3 kişinin ölümüyle sonuçlanan olayın hikayesi kısaca böyle. Olaya ilk başta bir terör saldırısı ya da örgüt organizasyonu denmedi ama 10 gündür bütün Amerika'ya yayılmaya çalışılan farklı bir hava var.
Şüpheliler Çeçen, Müslüman, anneleri, eşleri tesettürlü ve bu insanlar hakkında iğneden ipliğe bütün ayrıntılar televizyonlarda canlı yayınlarda aktarılıyor. “Terör örgütü üyesi değiller ama bu olayı İslam ve din motivasyonuyla gerçekleştirdiler” deniliyor. Ailesi, “çocuklarımız böyle bir şey yapmaz onlara tuzak kurulmuş” diyor ama yapılan yayınlar o kadar yoğun ki. Bir kere şüphelilere cihadist damgası yapıştırıldı.
Cevap bekleyen pek çok soru var. Başkan Obama bizzat kendisi bu soruların cevaplanması gerektiğini söyledi. Bekliyoruz. Şüphelilerin ailesi 2011 yılında FBI tarafından soruşturulmuş. Gerekçe neydi, sonuç ne oldu bilmiyoruz.

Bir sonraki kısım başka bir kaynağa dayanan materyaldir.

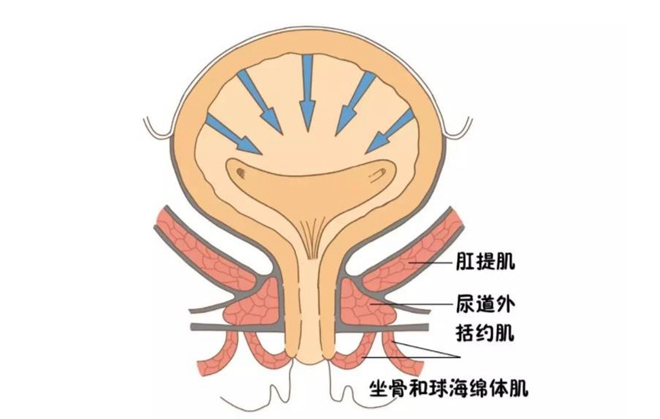 都可以通过一个简单的动作来缓解症状,就是锻炼括约肌
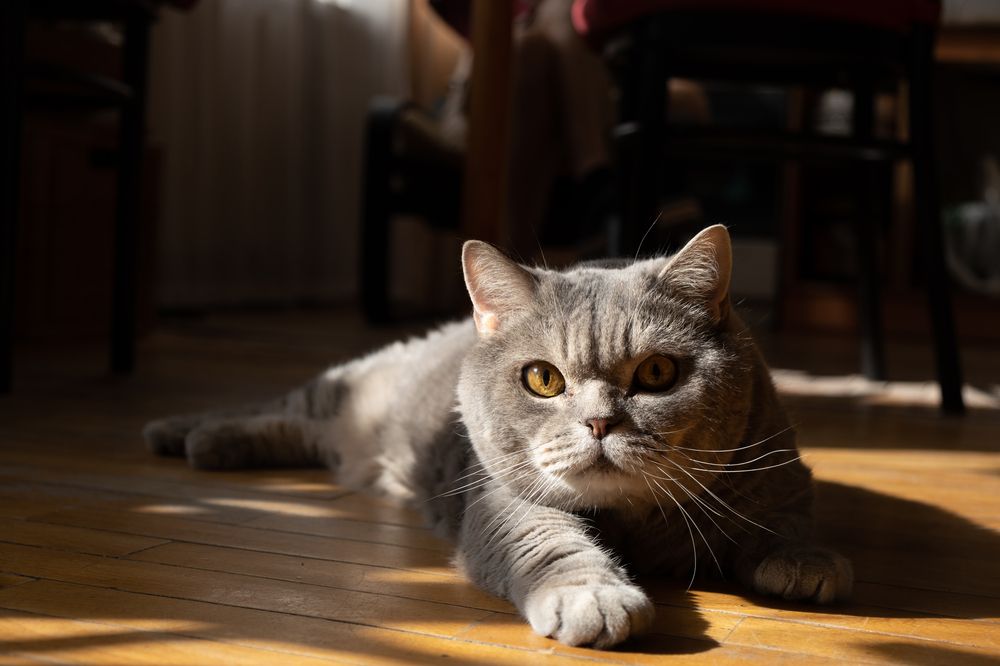 Photograph by Ivan Kakhanchik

Bir yandan şüphelilerin her şeyi meydana dökülüyor. Ölen polis memurunun cenazesine bizzat başkan yardımcısı katılıyor, “bunu yapanlar kendi kendilerine motive ve organize olmuş cihadistlerdir” diyor. “11 eylülden sonra başka bedel ödemeyeceğiz” diyor. Mesajlar arka arkaya geliyor.
Şimdi bütün bu yayınlardan sonra normal bir Amerikalı'nın düşüneceği şeyler şunlar:
Birincisi, bu bir terör saldırısı. Örgütlü bir saldırı değil ama artık bütün müslümanlar teker teker kendi başlarına böyle saldırılar gerçekleştirebilir. Neticede bu şüpheliler de kendi kendilerine motive olmuşlar.
İkincisi, artık bu tarz saldırıların dışarıdan gelmesi ya da yabancı birileri tarafından gerçekleştirilmesi gerekmiyor. Saldırıyı gerçekleştiren amerikan vatandaşı bile olabilir. Öyle bile olsa bu insanlara yaklaşırken temkinli olmak lazım.
Üçüncüsü, özellikle göçmenlik statüsünün yumuşatılması ya da vatandaşlığa geçişin kolaylaştırılması yeniden düşünülmeli, gerekirse daha da zorlaştırılmalı...
Bunlar Boston saldırısı sonrası ortaya çıkarılan şeylerin ve yapılan sürekli yayınların ardından bir Amerikalının aklına gelecek ilk düşünceler.
Bu, Amerka'da yeni bir dönemin başlangıcı mı? Bu konuda endişeler var.
Diğer yandan Boston saldırısına yaklaşımla hemen her gün farklı bir eyalette yaşanan şiddet ve cinayet olaylarına yaklaşım son derece farklı. İki günde bizim öğrenebildiğimiz 2 ayrı saldırı var. Biri Seattle kendtinde diğeri ise İllinois'de. İki saldırıda silahla ortalığa ateş açan şahıslar tam 10 kişiyi öldürdü. Ancak bu iki olay da en ufak şekilde medyada yer almadı. Seattle'dan sadece geçiştirme bir haberle bahsedildi. İllinois ise hiç görülmedi bile. Silah karşıtlarının yaptığı bir internet sitesinde her gün onlarca insanın vurularak öldürüldüğü belirtiliyor. Rakamlar ortada. Ancak bunlar tamamen insanların bilgisi dışında kalıyor. Gazeteler televizyonlar tek kelime etmiyor.
Biri terör saldırısı diğeri silahlı şiddet olarak adlandırılıyor ama neticede ölenler insan. Birisi için günlerce yayın yapıp diğerini hiç görmemek de ilginç bir çelişki.